During quarantine, a team of makers from Orange County Library System has been using Melrose Center 3D printers and resources to create PPE.
In late March, Otronicon exhibitors Orange County Library System’s Melrose Center had their team investigating ways they could 3D print personal protective equipment (PPE) for healthcare professionals. Working from home with Melrose Center 3D printers from the Fab Lab (a makerspace in the facility that offers hands-on classes and equipment for DIY projects), the team has been hard at work making visors, ear extenders and tension release bands for medical face shields by 3D printing or molding with liquid acrylic. Budmen Industries, a company that designs and sells 3D printers, provided files to staff to help create these PPE.
Fab Lab Instructor Harold Singh, using supplies at his home makerspace, began the initial process of printing these needed parts. With the help of his daughter, who works in the ICU, he delivered them to Orlando Health. At the same time, Fab Lab Instructor Yesenia Arroyo connected with the Central and South Florida chapters of the nonprofit Open Source COVID-19 Medical Supplies, a group working to connect makerspaces with medical professionals in need around the world. Soon after, the group received information from Orlando Health with details on what equipment could be accepted and work began.
“The Melrose Center’s Fab Lab team is really happy to be able to join the maker community’s efforts to help our health care workers,” said Jim Myers, Department Head of The Dorothy Lumley Melrose Center for Technology, Innovation and Creativity. “They are a focused and energized bunch, and glad to be in a position to make a small difference. I’m really proud of them.”

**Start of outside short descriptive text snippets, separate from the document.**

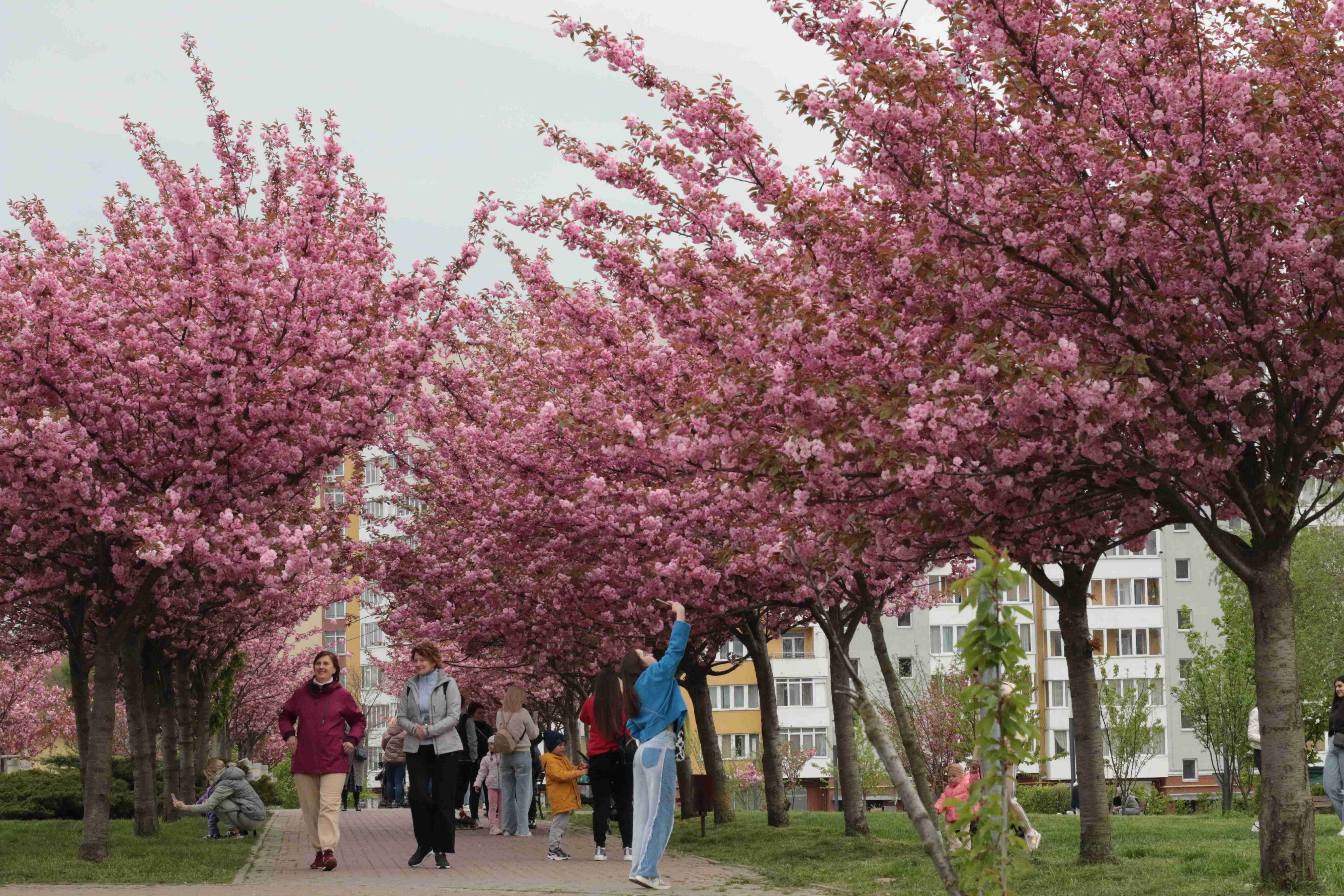 Де у Львові цвітуть сакури: топ локацій квітучих фотозон (ФОТО)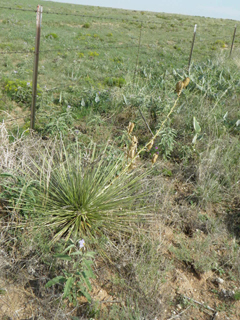 Yucca baileyi var. intermedia (Intermediate yucca)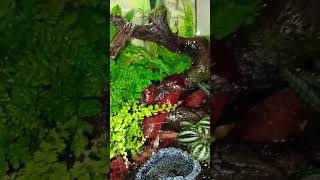 Future bioactive dartfrog enclosure fully planted and getting acclimated vivarium plants green [upl. by Ojiram]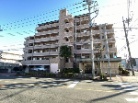 グリーンミユキ川口青木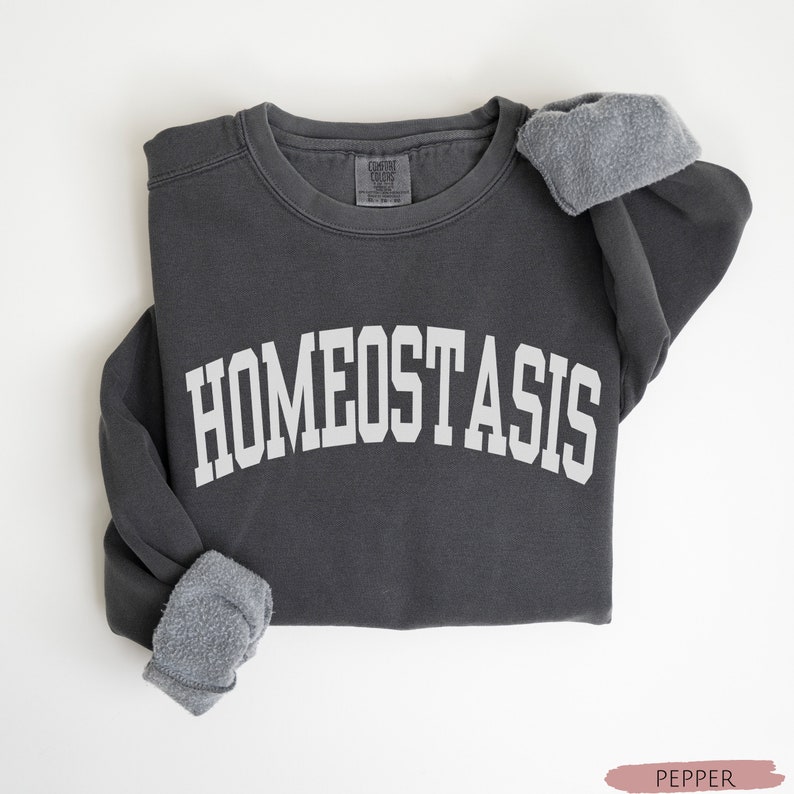 K&ouml;nnte beinhalten: Ein dunkelgrauer Pullover mit dem Wort "HOMEOSTASIS" in Wei&szlig; auf der Vorderseite. Der Pullover ist aus einem weichen, bequemen Material gefertigt und hat eine lockere Passform.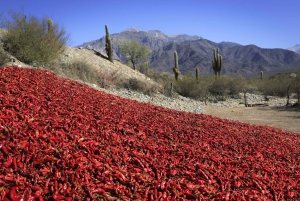 From Salta: Full-day excursions through Cachi and Humahuaca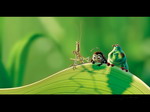 Luizenleven (A bug's life)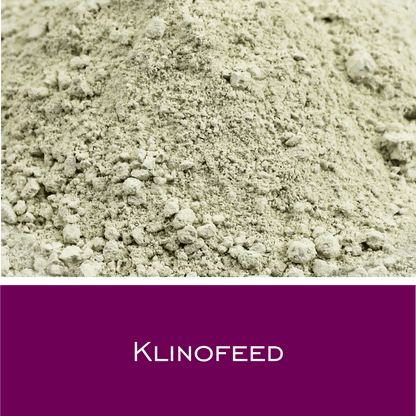 Klinofeed - Zeolith - HorseHealthEssentials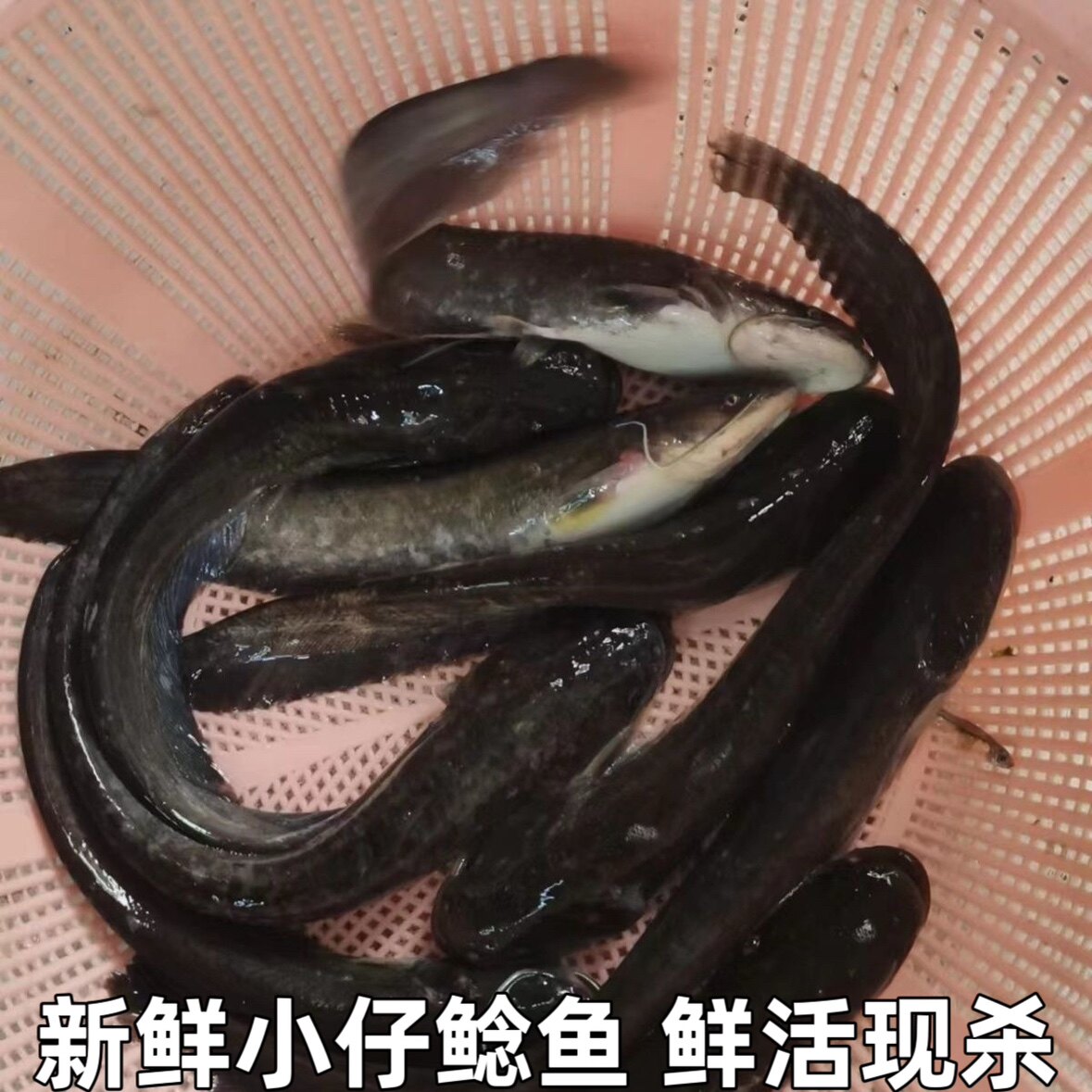 新鲜仔鲢仔鲶小鲶鱼胡子鲶大口鲶鱼本地鲶鱼河鲶鱼淡水鱼鲜活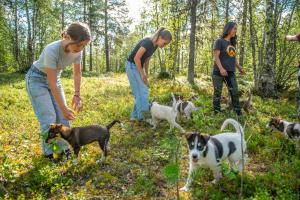 un grupo de mujeres de pie en el bosque con perros en Pinetree Lodge en Kangos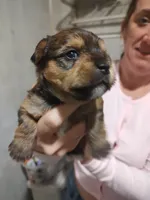 Cricket , a female Yorkshire Terrier for sale in Indianapolis, IN – 2 of 4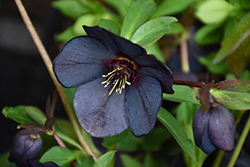 Winter Jewels Black Diamond Hellebore (Helleborus 'Black Diamond
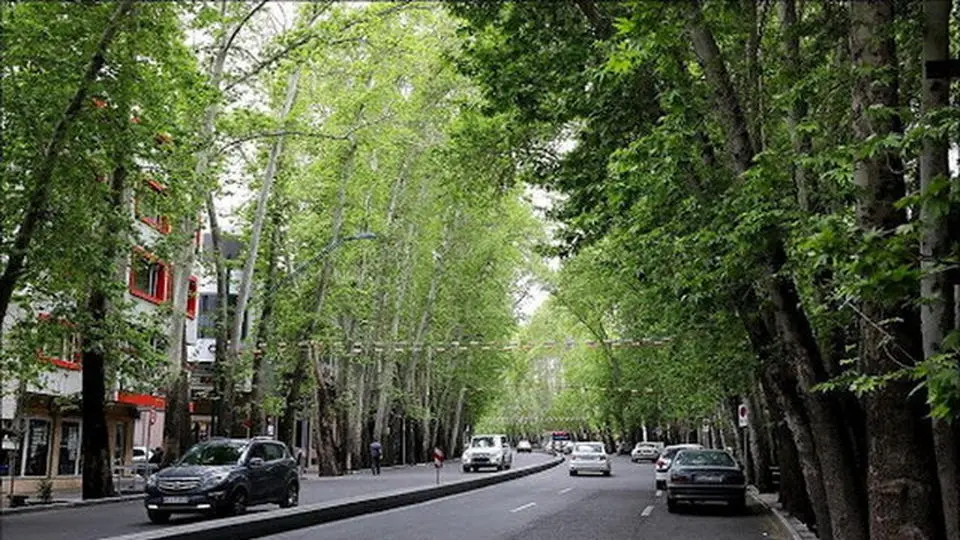 جریمه ۱۱۷ میلیارد تومانی برای عامل خشکاندن ۱۳ اصله درخت خیابان ولیعصر 
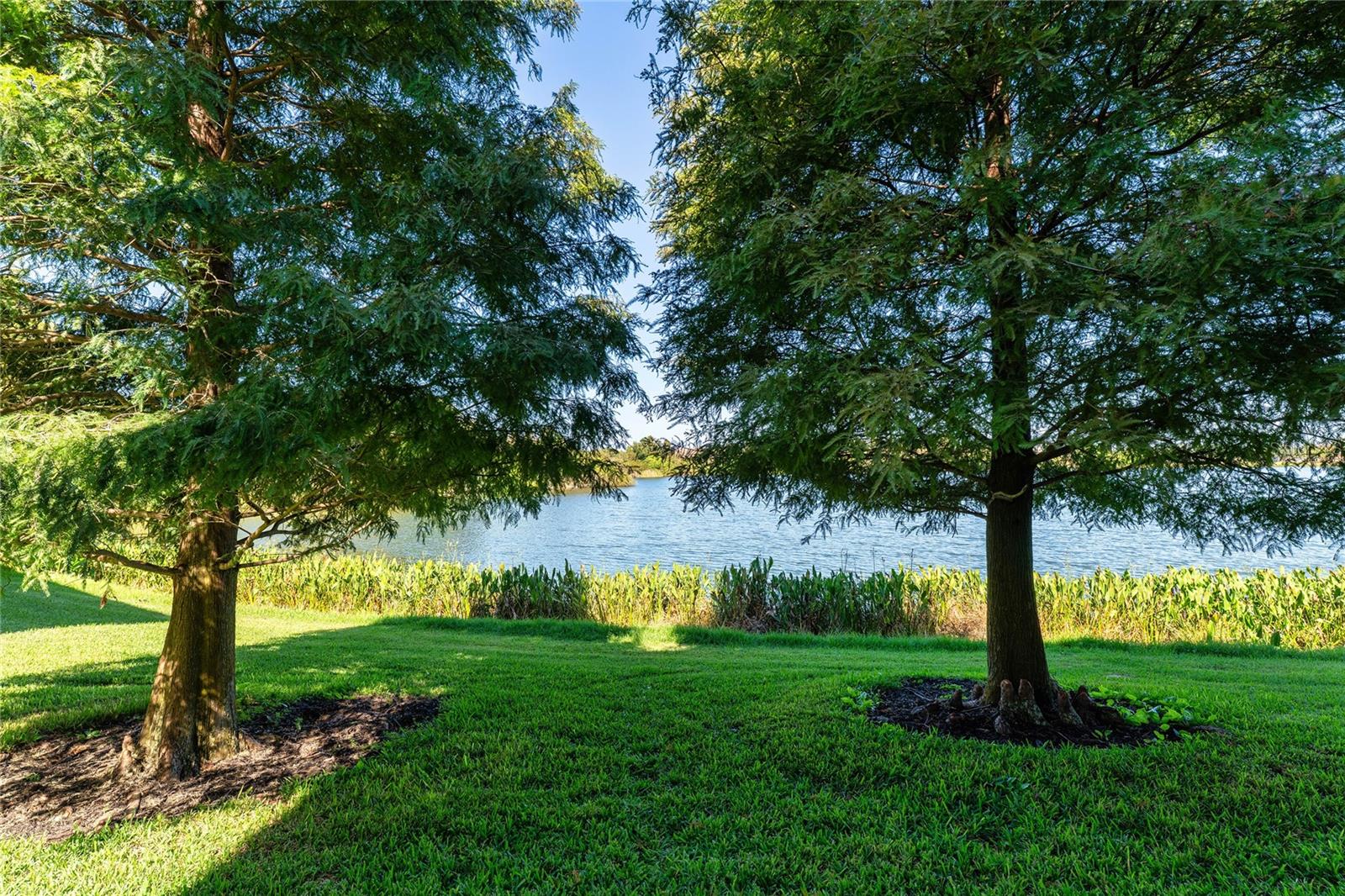 Image 43 of 52 For 2435 Lexington Oak Drive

In early April, Arroyo and fellow Fab Lab Instructors Jennifer Michalicek and Frank Mackey each took home a Melrose Center 3D printer, filament and other supplies from the Fab Lab. Melrose staff now have four printers creating face shield parts, which take around two hours each to complete. Singh has also created a rubber mold of the visor frame and can produce an additional four per hour using liquid acrylic.
After creating and preparing the final products, staff were directed to Orlando Health’s drop off center. As of April, the team had made and delivered 426 face shield visors, 102 ear extenders and 40 tension release bands. Production is expected to continue, Orange County Library System is privileged to help community medical professionals in this small way.